Прошлый год в это время земля была уже белая, теперь осень перестоялась, и по черной земле далеко заметные ходят и ложатся белые зайцы: вот кому теперь плохо! Но чего бояться серому барсуку? Мне кажется, барсуки еще ходят. Какие теперь они жирные! Пробую постеречь у норы. В это мрачное время в еловом лесу не сразу доберешься до той тишины, где нет нашей комнатной расценки мрачных и веселых сезонов, а неизменно движется все и в этом неустанном движении находит свой смысл и отраду.
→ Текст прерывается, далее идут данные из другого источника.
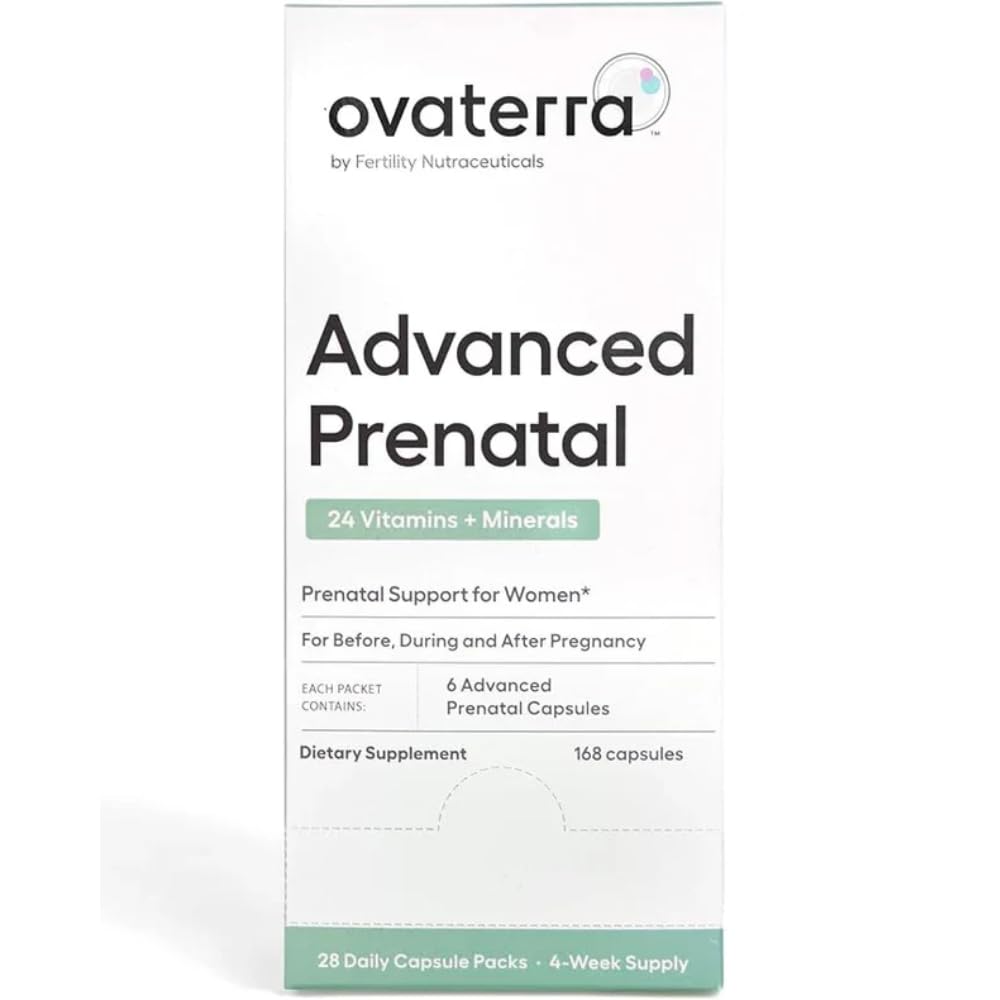 Ovaterra Vitamine prenatale avansate pentru femei cu 550 mg Choline, metilfolat, Chelated Iron & 24 Nutrients 168 Capsule - 28 zile de aprovizionare
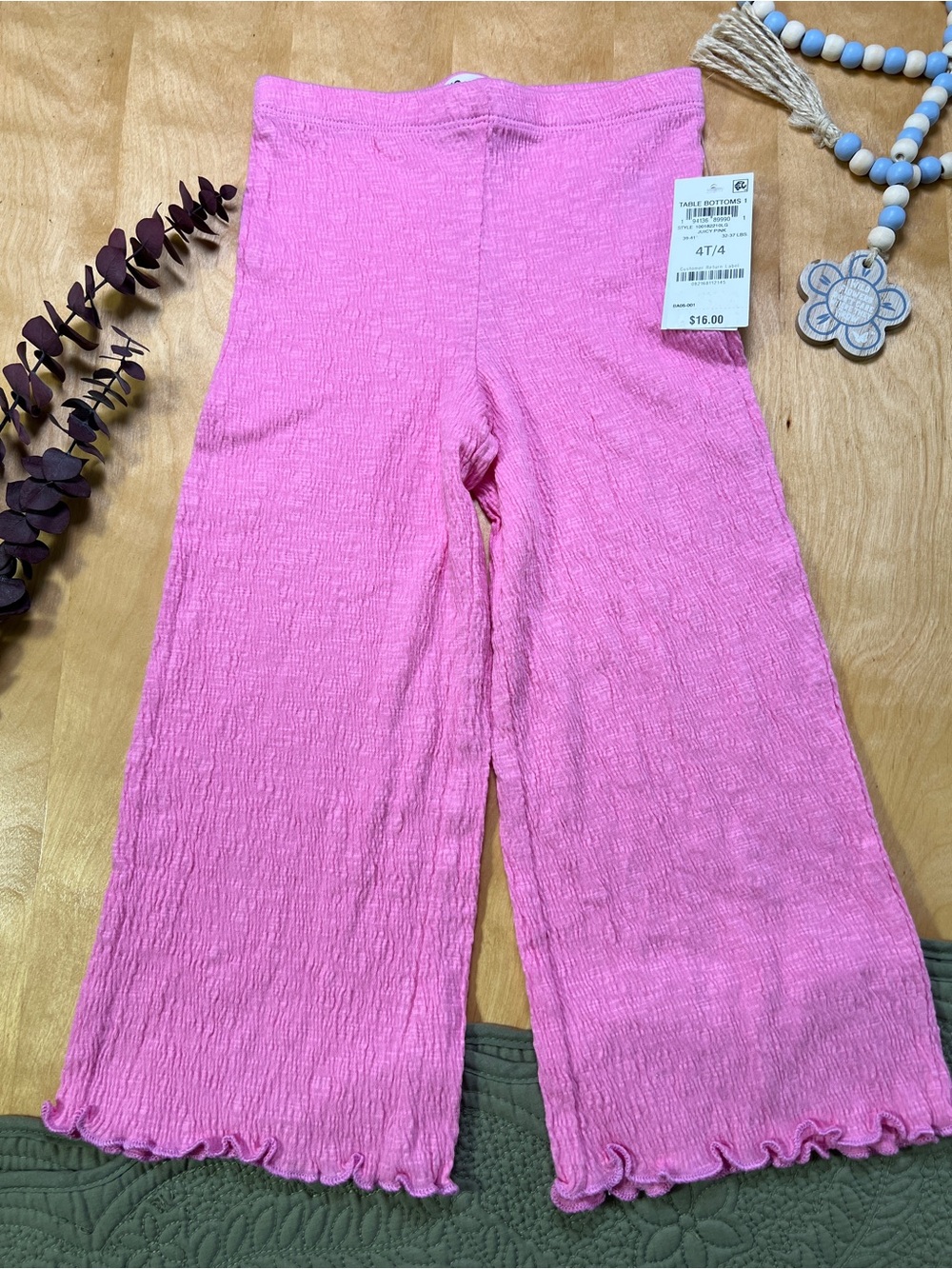 Epic Threads Pink Textured Wide-Leg Kids Pants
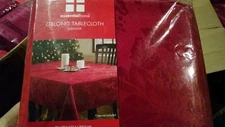 NEW NIP Christmas Essential Home oblong Red Damask Tablecloth 60"X120"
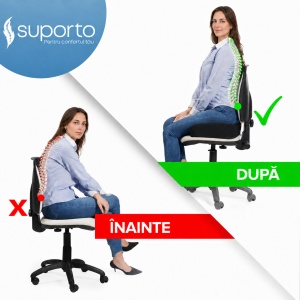 Set perna sezut semi-colac si perna lombara confort, Suporto®️culoare negru - Img 8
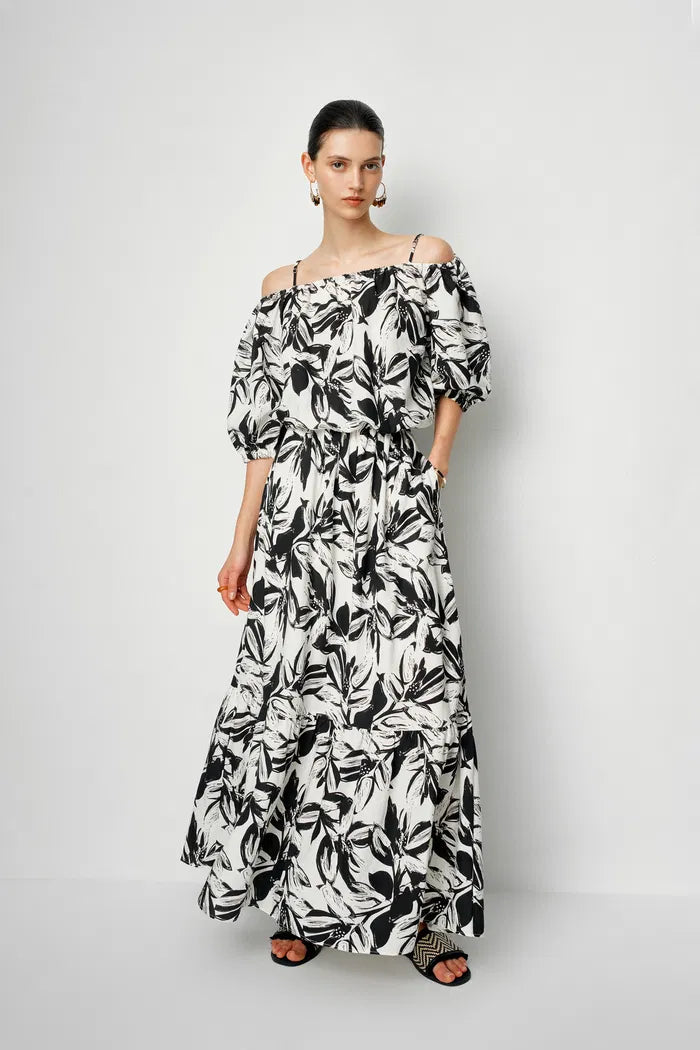 Samira Adjustable Strap Top and Maxi Skirt Matching Set in Linen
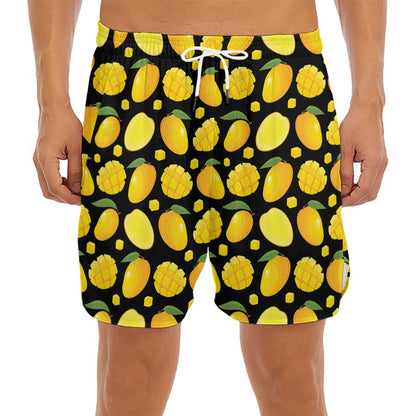 Mango Pattern Print Men's Split Running Shorts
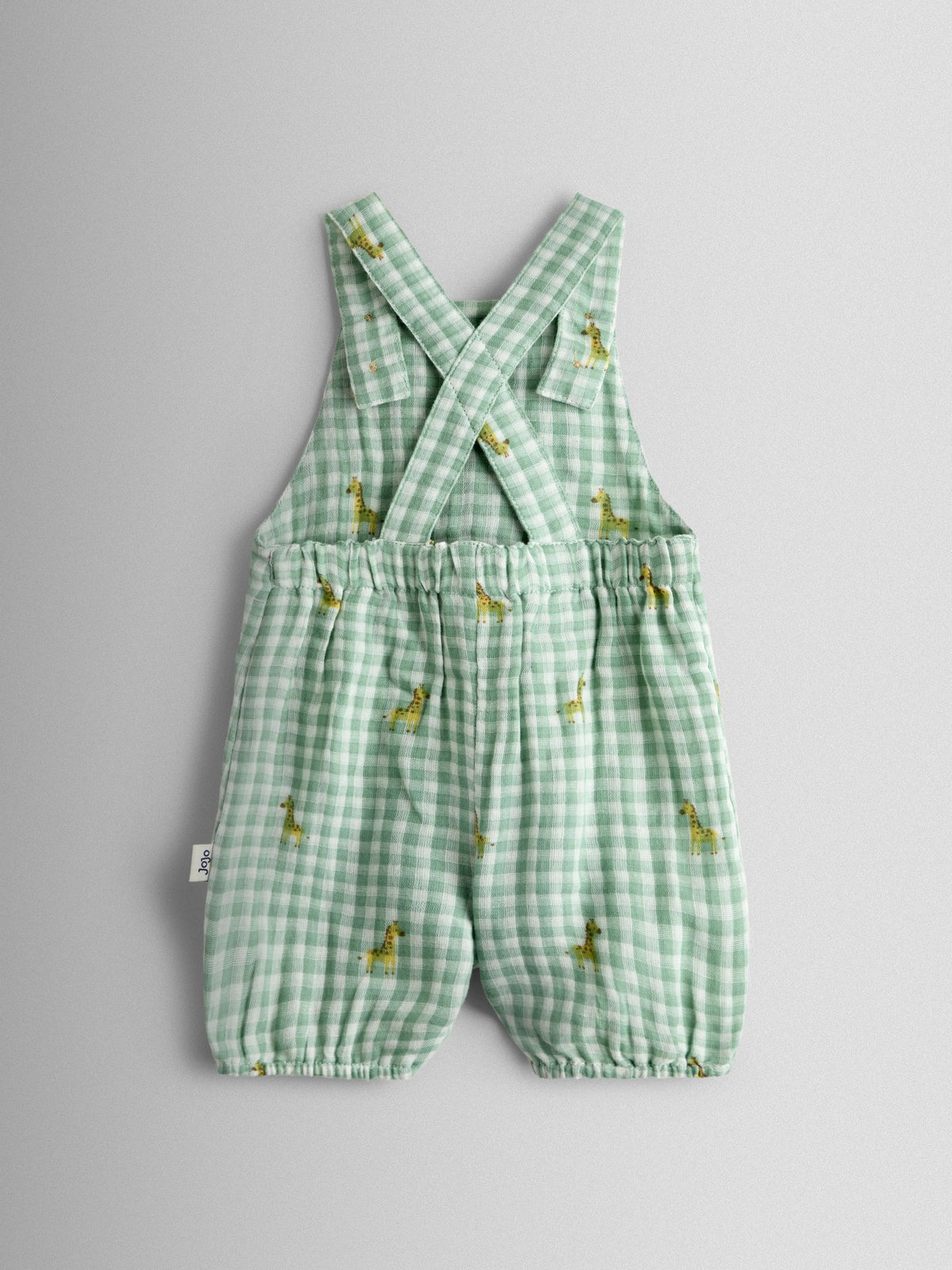 JoJo Maman Bébé Green Giraffe Checked Dungaree & Body Set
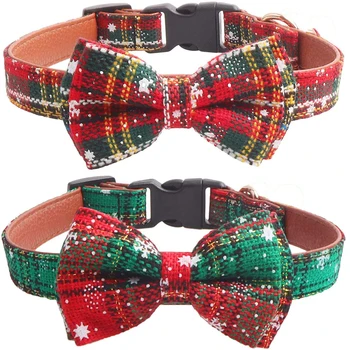 

Christmas Snowflake Dog Collars Adjutable Dog Collars with Bow Tie and Bells for Small/Medium/Large Pets, Red & Green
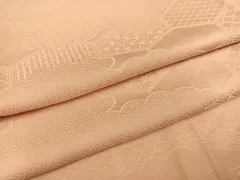 平和屋着物●上質な色無地　雲重ね吉祥地紋　人色　鈴乃屋扱い　正絹　逸品　AABC4474ph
Этот яр, где живут барсуки, до того крут, что, взбираясь туда, часто приходится на песке оставлять свою пятерню рядом с барсучьей. У ствола старой ели я сажусь и сквозь нижнюю еловую лапину слежу за главной норой. Белочка, обкладывая мохом на зиму свое гайно, обронила посорку, и вот тут началась та самая тишина, слушая которую охотник может, не скучая, часами сидеть у норы барсука.

Под этим тяжелым небом, подпертым частыми елками, нет ни малейших намеков на движение солнца, но когда солнце садится, барсук это знает в своей темной норе и немного спустя с большой осторожностью пробует выйти на свою ночную охоту. Не раз, высунув нос, он фыркнет и спрячется и вдруг с необычайной живостью выскочит, и охотник не успеет моргнуть. Гораздо лучше садиться перед рассветом, когда барсук возвращается, – тогда он просто идет и далеко шелестит. Но теперь по времени надо бы лежать барсуку в зимней спячке, теперь не каждый день он выходит, и жалко ночь напрасно сидеть и потом днем отсыпаться.

Не в кресле сидишь, ноги стали как неживые, но барсук вдруг высунул нос, и все стало лучше, чем в кресле. Чуть показал нос и в тот же миг спрятался. Через полчаса еще показал, подумал и скрылся вовсе в норе…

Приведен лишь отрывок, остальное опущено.